# The Empathy Metric

Every scenario is graded **first** on how the worst-off participant fares under stress.
Verdict correctness is necessary; the empathy floor is the tiebreak-proof first-class
requirement on top of it. A wording that technically stops an attack while grinding a
minority to powder along the way fails the suite.

## Why min, not mean

Averages launder cruelty. A polity of 100 where 99 gain 1% and one person loses
everything *improves* on average. The metric is therefore Rawlsian: the score of a
scenario outcome is the **minimum** final welfare across all non-`external` actors,
evaluated per represented member (a faction's welfare is the welfare of its
worst-treated member, not the faction's aggregate).

## The welfare model

Each member starts at welfare **1.0**, decomposed into three components the engine
tracks (`fabletest/metrics.py`):

| Component | Weight | What reduces it |
|---|---|---|
| **Voice** | 0.4 | Disenfranchisement, vote dilution beyond consented rules, expulsion, structurally inaccessible voting windows, delegation coercion. |
| **Stake** | 0.3 | Per-capita share of treasury loss; denial of pro-rata exit share; targeted financial burdens. |
| **Protection** | 0.3 | Rights-floor erosion, retroactive punishment, due-process denial, emergency scope covering the member without sunset. |

Representative deductions (the engine computes these from state transitions; this table
is the calibration, not a lookup the scenarios hardcode):

- Disenfranchised while remaining a member: −0.40 (all of voice).
- Expelled **with** due process and pro-rata exit share: −0.40 voice, protection intact
  → final ≈ 0.55–0.60.
- Expelled **without** due process: −0.40 voice, −0.30 protection, stake loss as
  confiscated → final ≤ 0.30. No scenario floor in the corpus tolerates this.
- Treasury drain: stake component scales linearly with the fraction of the per-capita
  commons lost.
- Living under an emergency that lawfully sunsets: −0.05 transient stress; under one
  that does not: −0.30 protection and counting.
- A cleanly **blocked** attack still costs its targets −0.02 to −0.10 of welfare
  ("stress of the attempt") depending on how deep into the sequence the block landed.
  Defense-in-depth matters: blocking at move 1 is better than blocking at move 9.

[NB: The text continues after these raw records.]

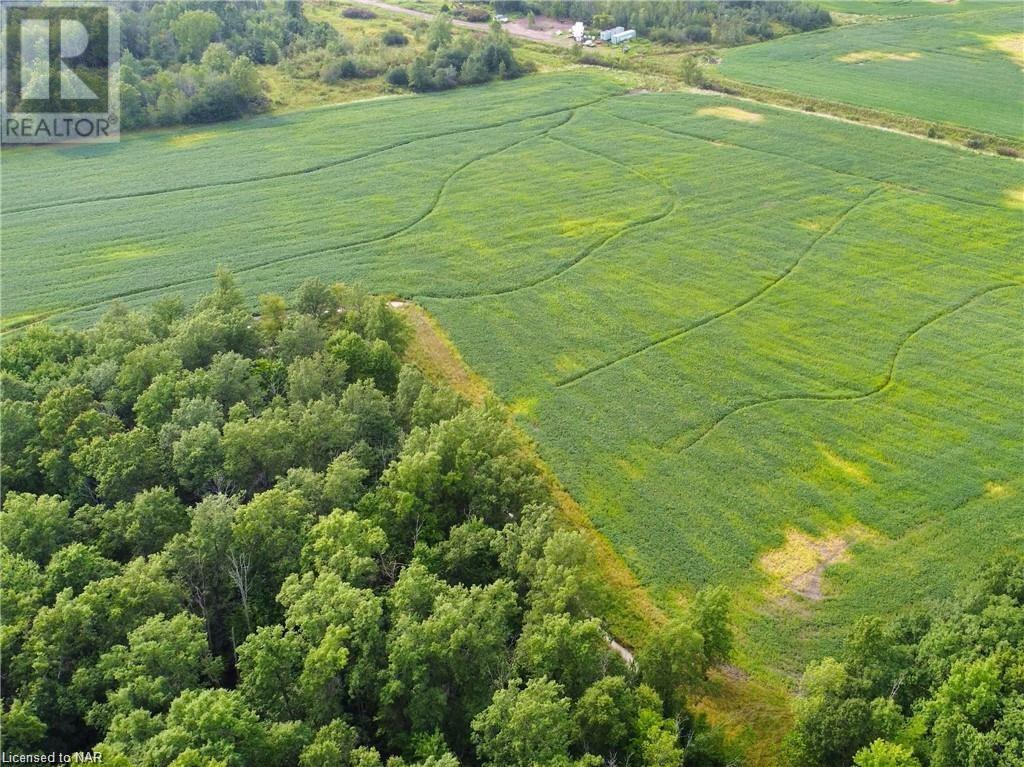 N/a Zavitz Road, Port Colborne, Ontario  L0S 1N0 - Photo 10 - 40518554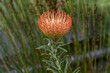 Orange flower of Pincushions or Leucospermum condifolium.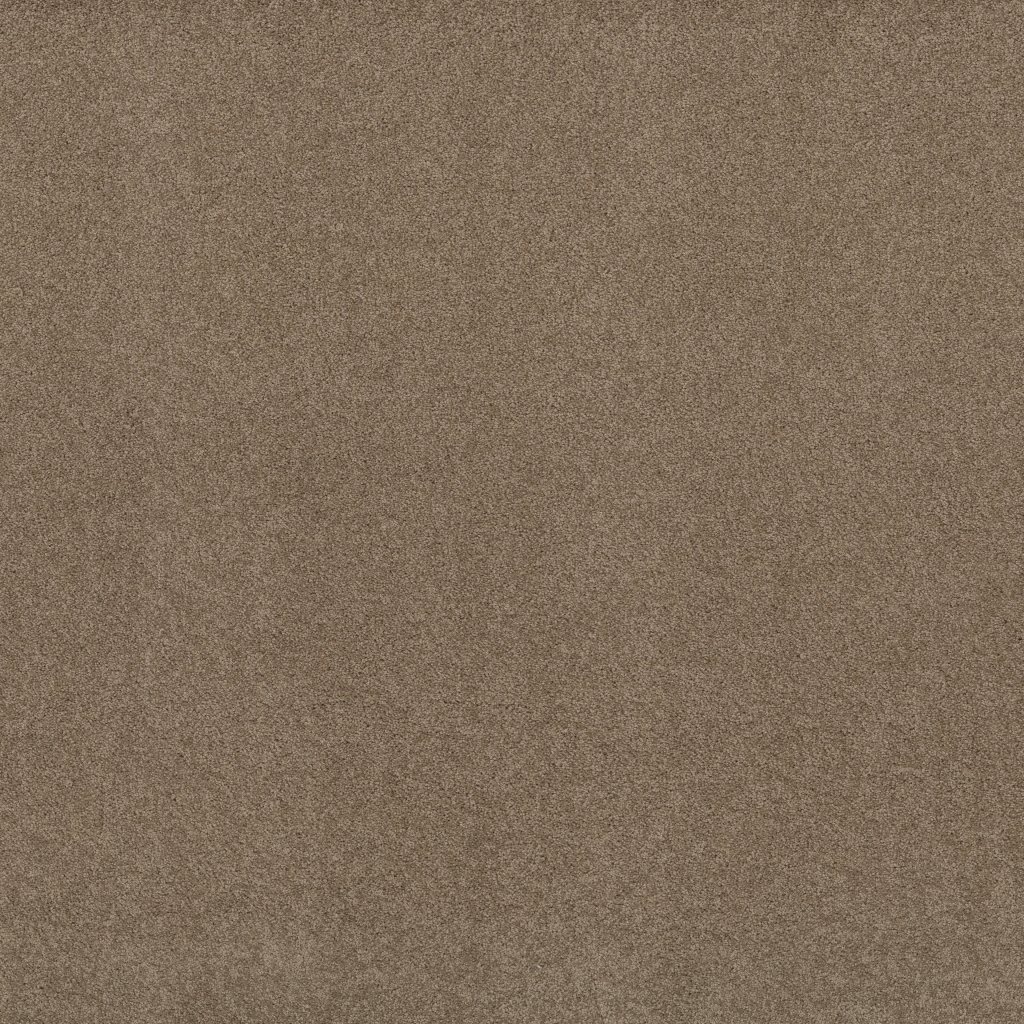 Shaw Floors My Destination III - Cappuccino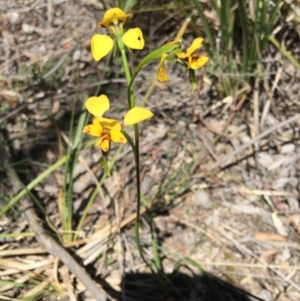 Diuris nigromontana at Belconnen, ACT - 15 Oct 2016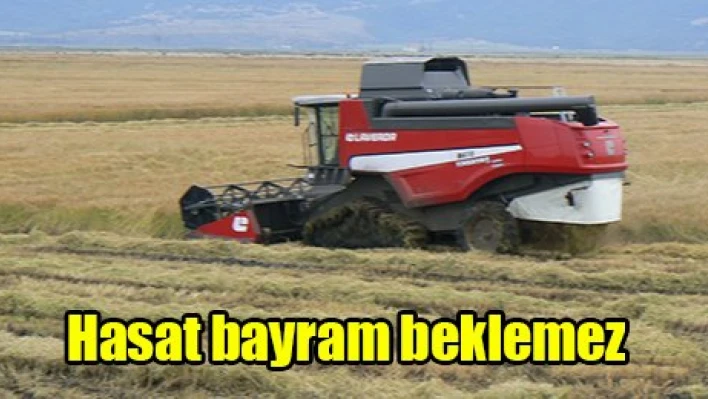Hasat bayram beklemez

## Floor semantics in scenarios

`expected.worst_off_floor` asserts the minimum acceptable final welfare for the
worst-off participant. Calibration used across the corpus:

| Situation | Typical floor |
|---|---|
| Attack blocked at first gate | 0.93–0.97 |
| Attack blocked after partial execution (some harm before the stop) | 0.80–0.92 |
| Legitimacy control: lawful sanction of a genuinely abusive member | 0.55–0.65 |
| Lawful fork / exit under `kernel.I3` | 0.70+ (exit must not be ruinous) |
| Deadlock resolved by kernel deadlock-breaker | 0.85+ |

A scenario fails if the engine's computed worst-off welfare is **below** the floor —
even when the verdict matches. This is how the suite catches "successful defenses" that
work by hurting the vulnerable (e.g., curing quorum-busting by expelling the boycotters).

## The empathy invariant

`kernel.I7` makes the metric enforceable inside the constitution itself, not just in
CI: a move whose direct effect drives any member below the constitutional welfare floor
is refusable on that ground alone, and several scenarios assert `blocked_by: kernel.I7`
deliberately — testing that the invariant carries weight when every parameterized rule
has been lawfully satisfied.

## Reporting

`fabletest run` emits, per scenario: verdict, blocking rule, worst-off actor, final
welfare by component, and the floor margin. The CI summary sorts failures by floor
margin so the most humane fix surfaces first.